Event Sourcing — Oops, wrong Aggregate Boundary

Ashraf Mageed
Nerd For Tech
Published in
4 min readNov 24, 2022


How I shared streams to split an aggregate and why.

Photo by Alex on Unsplash

With most DDD projects, you try to understand the problem domain as best as possible before modelling the solution domain and starting the implementation. Now, in an ideal world, you’d be given access to domain experts and allowed time to extract and document as much knowledge as you can from them to aid in the modelling process. Maybe even run a few “Event Storming” sessions. However, you’re not afforded that luxury more often than not, and you start your modelling at the point of least knowledge.

Beginning with an imperfect model is not a problem, as there’s no such thing as a perfect model. Eric Evans has a great talk about a good design being imperfect. Hence, remodelling a domain is not uncommon; rather, it is expected.

This process becomes even more complicated when you add Event Sourcing into the mix. That is because you now move into the realms of append-only models. In a future post, I will discuss what this means when it comes to versioning your events, but here I want to specifically discuss a problem I faced with event-sourced aggregates and how I chose to address it.

Wrong aggregate boundary

As requirements evolved, the system grew drastically different from what I expected and, thus, from how I modelled the problem domain. It became clear that the aggregate was doing too much, and I would need to split it.

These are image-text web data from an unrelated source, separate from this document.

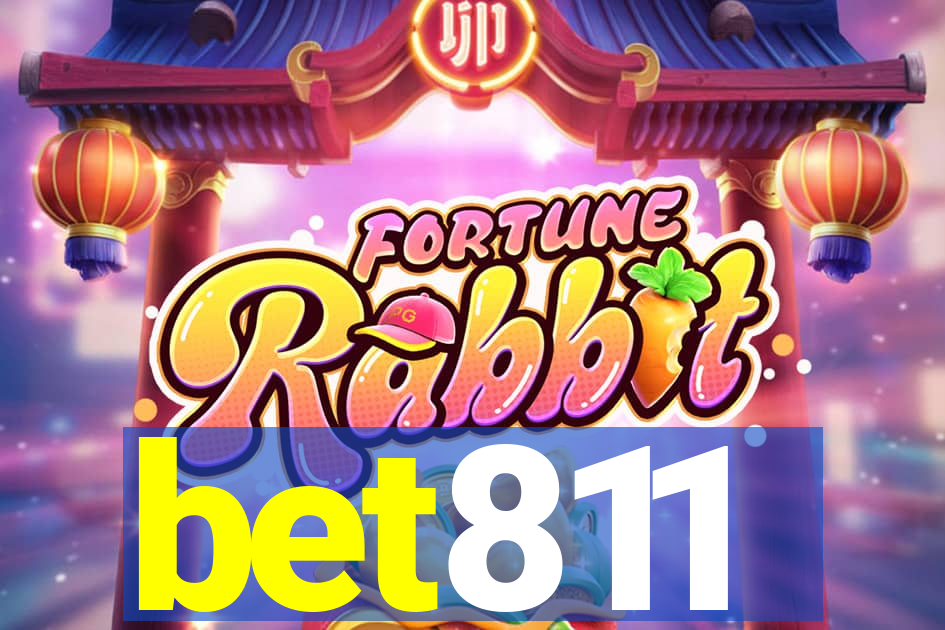 bet811
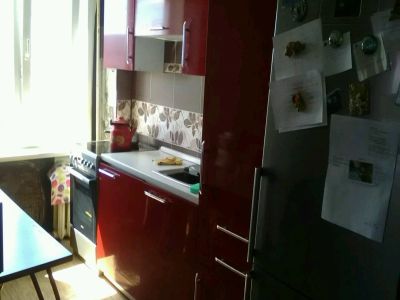 Лот: 11737601. Фото: 1. Сдам в аренду 2-х комнатную квартиру... Квартиры, студии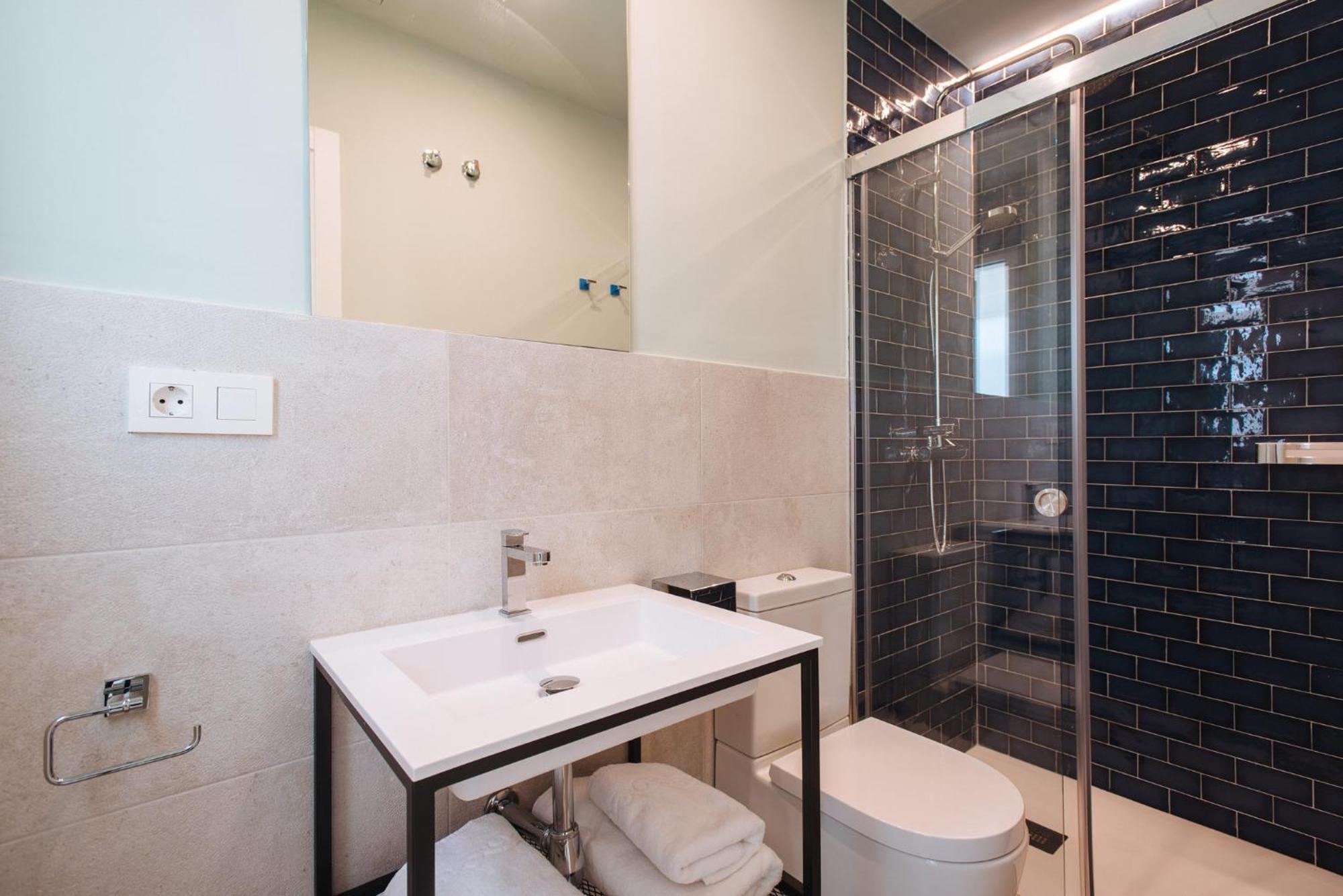 Apartment Sercotel Guadalquivir *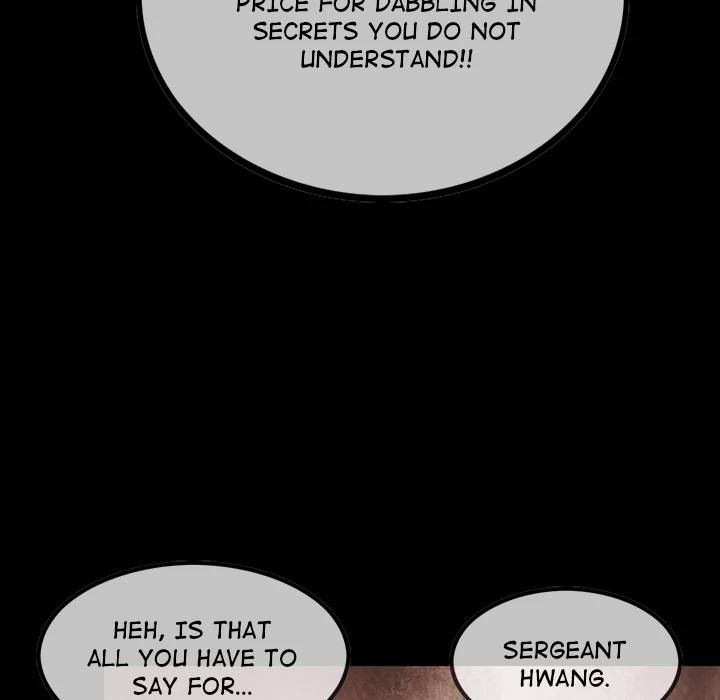 Read Shaman Manga Online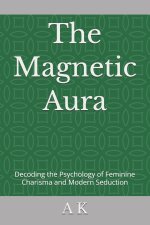 The Magnetic Aura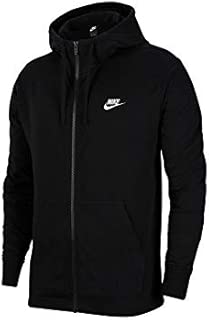 sudaderas nike amazon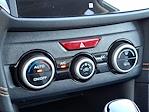 2022 Subaru Crosstrek AWD SUV for sale #S7536 - photo 17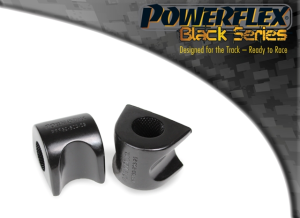 Front Anti Roll Bar Bush 25mm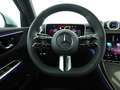 Mercedes-Benz GLC 220 d 4MATIC *AMG*MBUX*ChromP*MemoryP*360°K* Argent - thumbnail 11
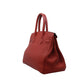 BOLSA HERMES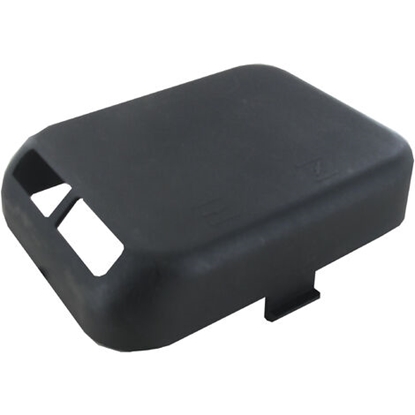 Изображение Eļļas filtra korķis MTD 092.63.512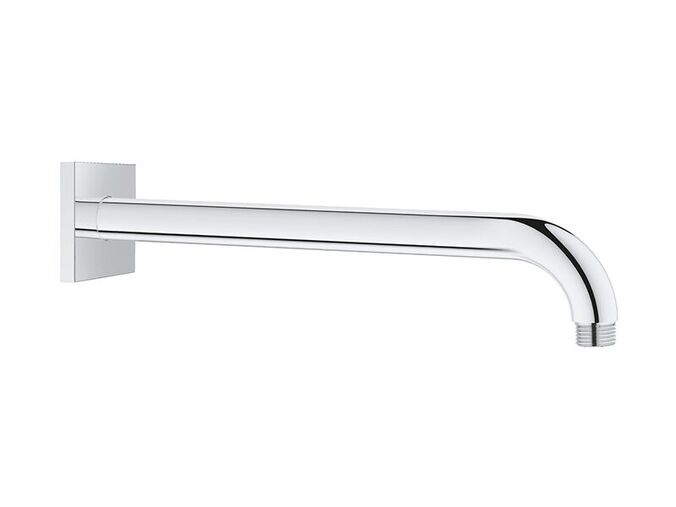 Grohe Rainshower Sprchové rameno 28 cm, chrom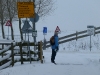 Rijnlanderweg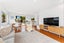 22 Thistle Terrace, Omaha - Carousel 12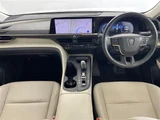 2023 Toyota Crown Crossover G 4WD SUV for sale, Japanese used car export - photo 3 of 22 | GULJI TRADERS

Photo by Andrey Metelev on Unsplash

The aggregate boundary is wrong! Now what?

The course of action from here on depends on how the boundary is wrong. Either the aggregate should be split or combined with another one. That could be the result of myriad reasons. Maybe the aggregate was doing too much, and there was a second aggregate in there waiting to emerge. Or, possibly — to enforce the current business rules — one should expand the aggregate to contain another one. I will cover how to tackle these issues in a future post. In this post, I will delve deeper into my problem: splitting the aggregate.

Splitting an event-sourced aggregate

Event-sourced aggregates are built on top of a stream of events. So when you want to split the aggregates, most, if not all, of those events in the event stream will only be relevant to one of the aggregates.

Sharing an event stream
The pragmatic and most straightforward way of going about addressing this issue is to share the event stream. I had a lot of pushback when proposing this; the consensus was that it’s a quick fix and not the proper way to tackle this issue. However, there is nothing wrong with sharing the event stream, it is a practical solution that lets you quickly get on with the important stuff, and that is providing value to the business.

This approach is:

  1. Easier to do in a live system
  2. Does not require transforming the event stream

It is especially easier when compared to alternatives, in this case: splitting the event stream, which requires splitting both the code and the persisted event stream. Splitting aggregates in code is what we actually want to do, so that’s OK. However, going through the entire event stream and altering the events on a live system is better avoided.

Splitting an Event Stream

There are numerous challenges when it comes to doing this in a live system, but that’s a topic for another post. The one thing I want to point out here is that you’d need to ensure that the application can handle both event stream configurations to allow for a seamless transition.

Split at The Application Level
When sharing the event stream, the split actually happens in code at the application level. Hence, each aggregate will replay all events in the stream when hydrated but only apply ones pertinent to it. This would make it easier in the future if you ever want, or need, to split streams.

As far as the code goes, the two aggregates will be completely separate. However, the ones that were created before the split will share the same aggregate ID. This should have no bearing on the domain as the aggregate ID is irrelevant to the domain logic; In fact, the aggregate ID can be removed from the aggregate code entirely.

An aggregate ID is usually used for two purposes:

  • loading the correct event stream: this actually happens in the aggregate repository, which is part of the infrastructure code rather than the domain.
  • correlating events for projections — all events usually have an associated aggregate ID because they are usually needed to build up a representation of an entity in the read models.

Both of those cases can be handled without including the aggregate ID in the aggregate itself.

In my experience, when splitting aggregates and sharing a stream, there is not a lot of contention between the two aggregates. This is usually because the two have dissimilar lifecycles and loads that do not overlap very often. If that does not prove to be the case and you end up with numerous optimistic concurrency issues, it may be a sign that sharing the stream is not the best solution — you might need to look into splitting the streams themselves.